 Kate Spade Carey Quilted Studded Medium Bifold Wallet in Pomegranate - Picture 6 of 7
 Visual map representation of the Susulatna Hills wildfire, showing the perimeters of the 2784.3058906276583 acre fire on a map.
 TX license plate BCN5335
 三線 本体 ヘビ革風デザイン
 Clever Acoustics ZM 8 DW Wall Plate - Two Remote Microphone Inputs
━━━━━━
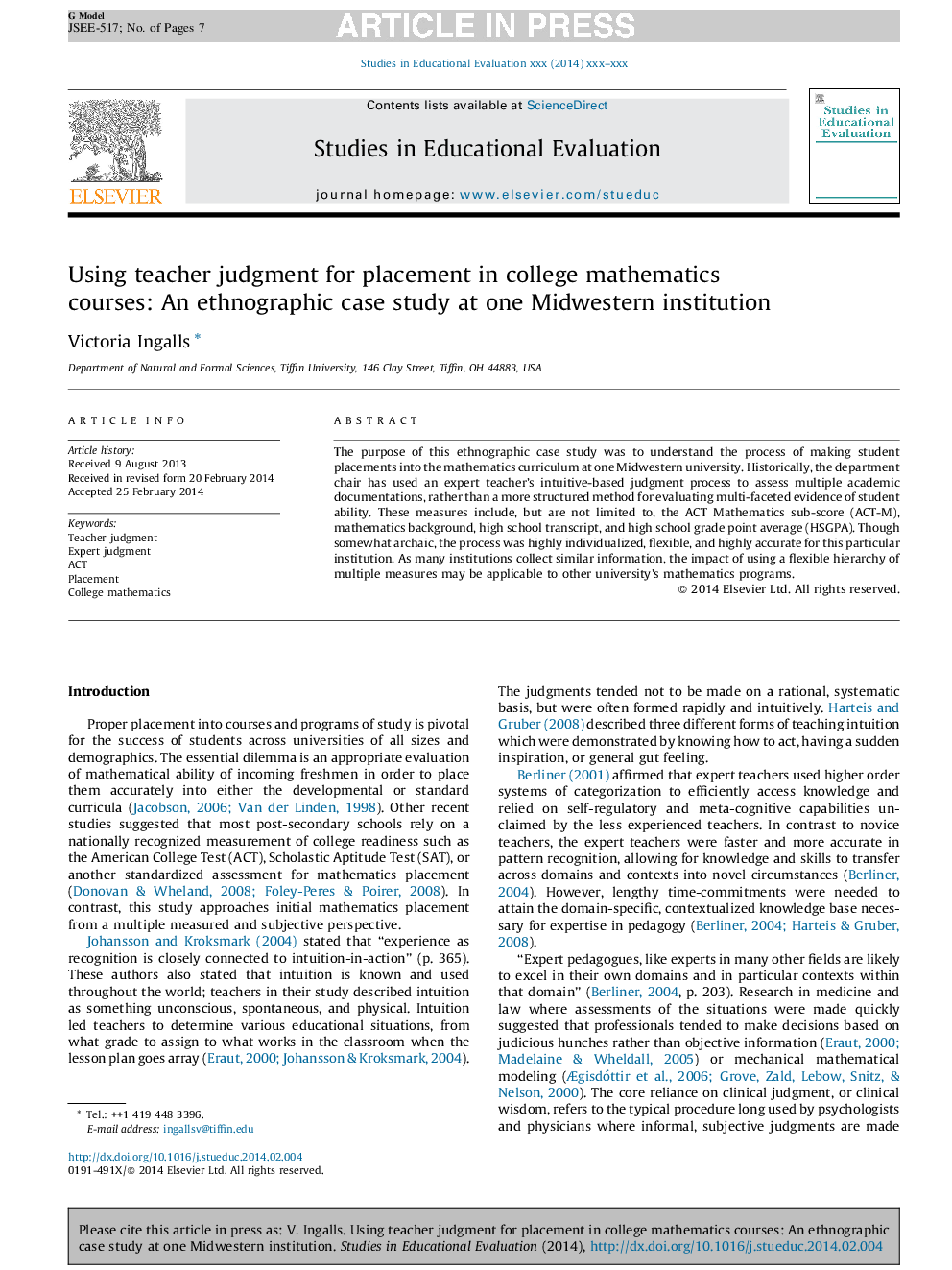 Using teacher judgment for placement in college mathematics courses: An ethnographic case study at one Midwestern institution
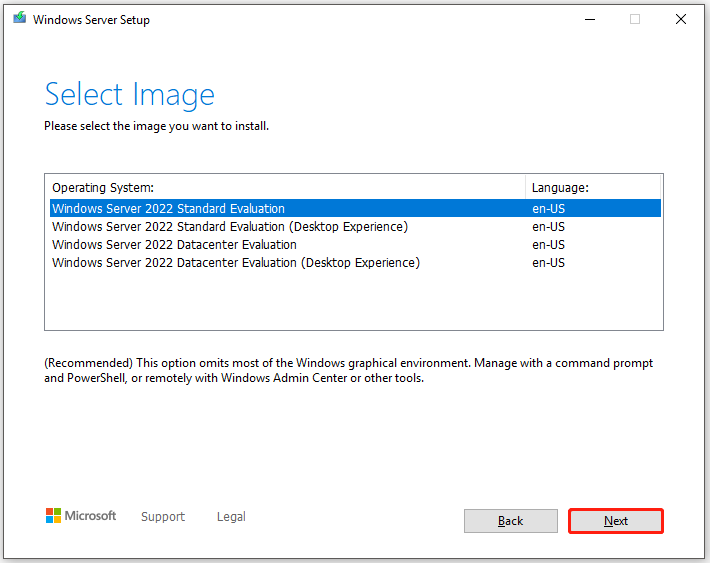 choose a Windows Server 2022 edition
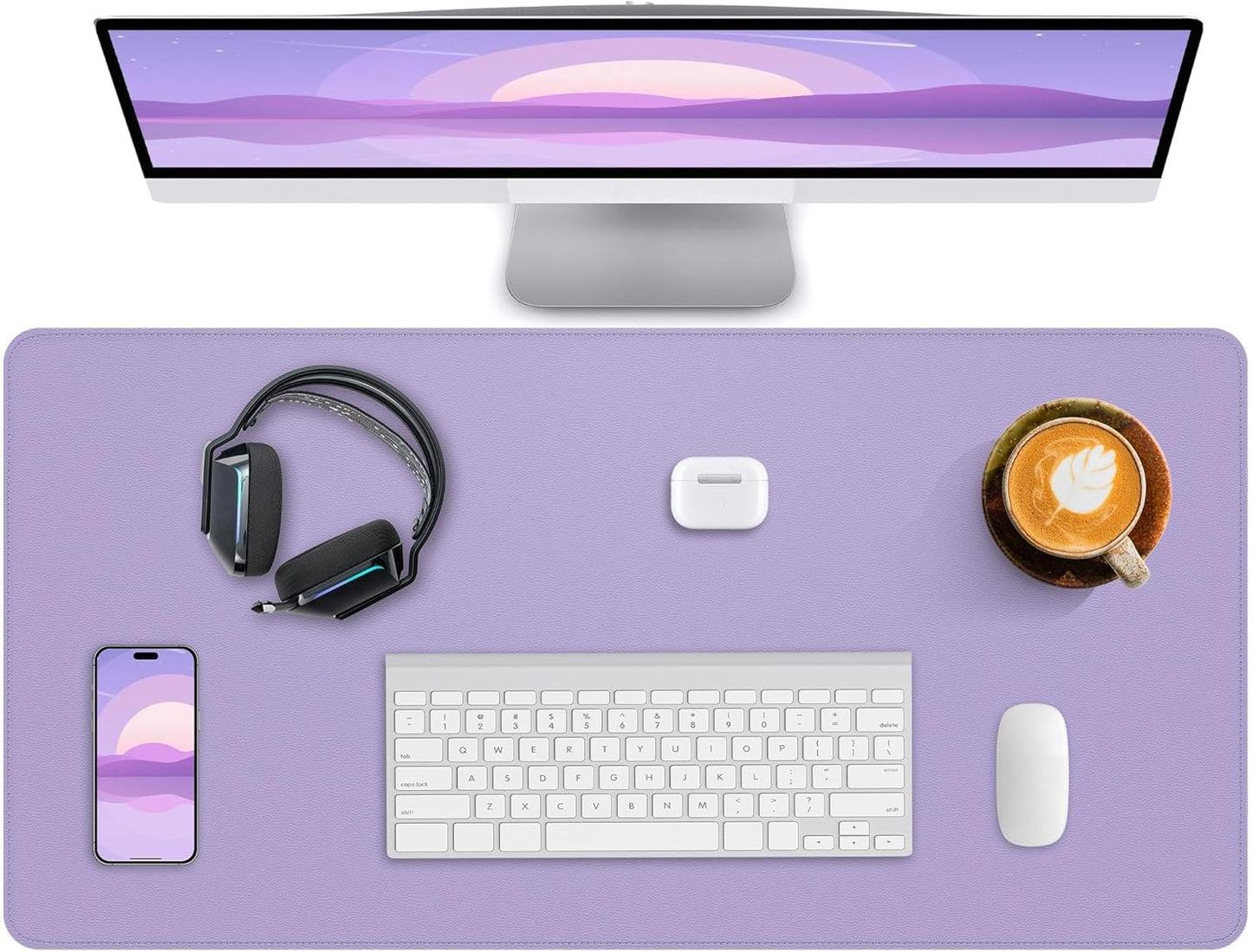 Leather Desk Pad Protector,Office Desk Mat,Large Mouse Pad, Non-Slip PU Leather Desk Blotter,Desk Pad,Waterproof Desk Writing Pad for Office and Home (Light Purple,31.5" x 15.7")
━━━━━━
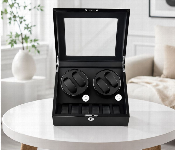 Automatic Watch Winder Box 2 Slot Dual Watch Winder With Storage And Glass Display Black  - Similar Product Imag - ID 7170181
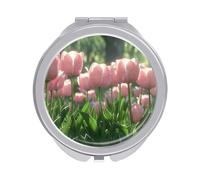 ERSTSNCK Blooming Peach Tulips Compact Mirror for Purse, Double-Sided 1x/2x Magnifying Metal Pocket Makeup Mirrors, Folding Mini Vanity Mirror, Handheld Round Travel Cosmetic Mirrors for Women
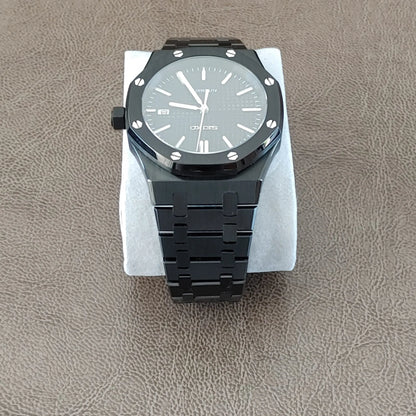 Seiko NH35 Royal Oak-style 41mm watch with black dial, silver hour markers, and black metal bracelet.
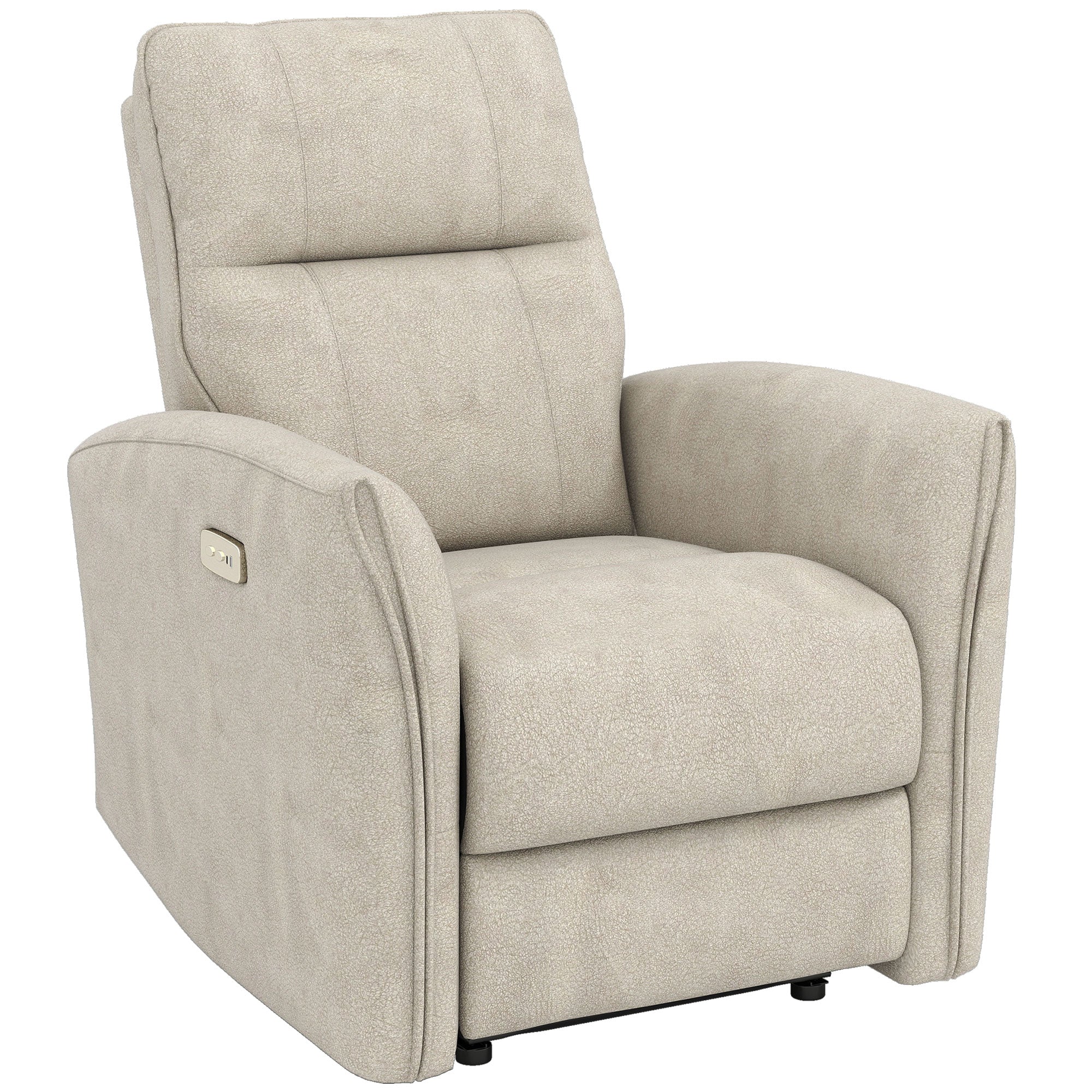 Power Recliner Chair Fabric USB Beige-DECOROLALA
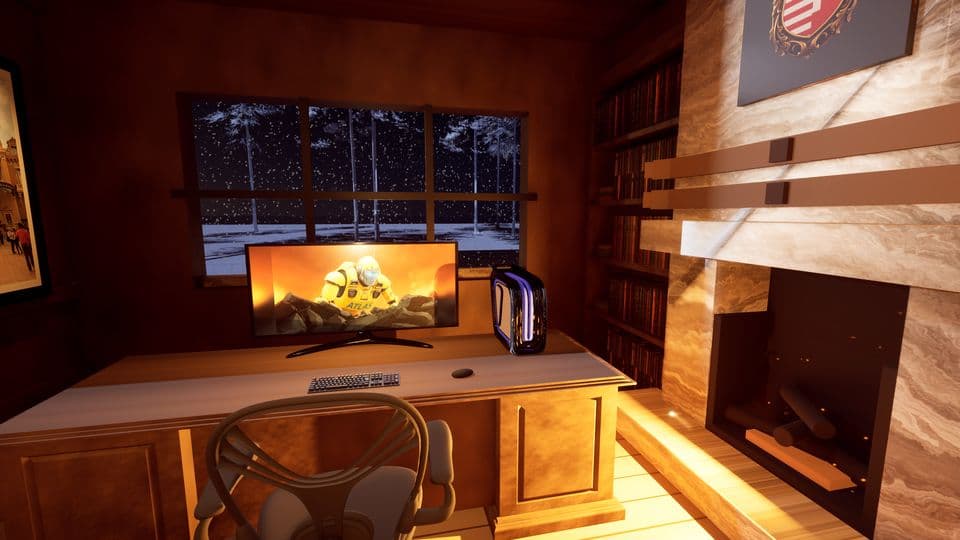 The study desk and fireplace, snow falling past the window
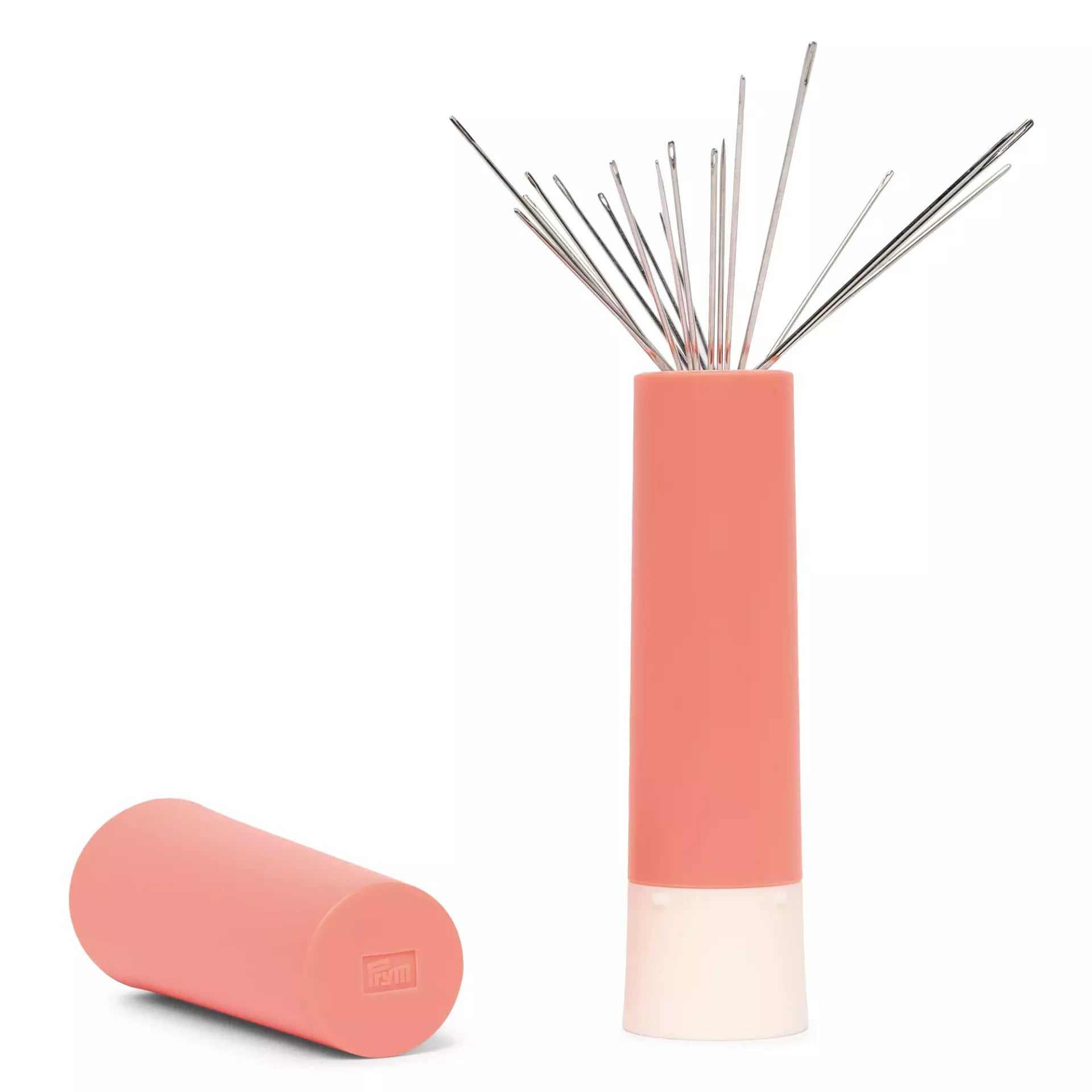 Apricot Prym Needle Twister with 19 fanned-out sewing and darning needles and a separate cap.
━━━━━━
- The task
The answer is the lines above between the line holding "TX license plate BCN5335" and the line holding "Clever Acoustics ZM", inclusive, each written out exactly, and no others.

- Response area
 TX license plate BCN5335
 三線 本体 ヘビ革風デザイン
 Clever Acoustics ZM 8 DW Wall Plate - Two Remote Microphone Inputs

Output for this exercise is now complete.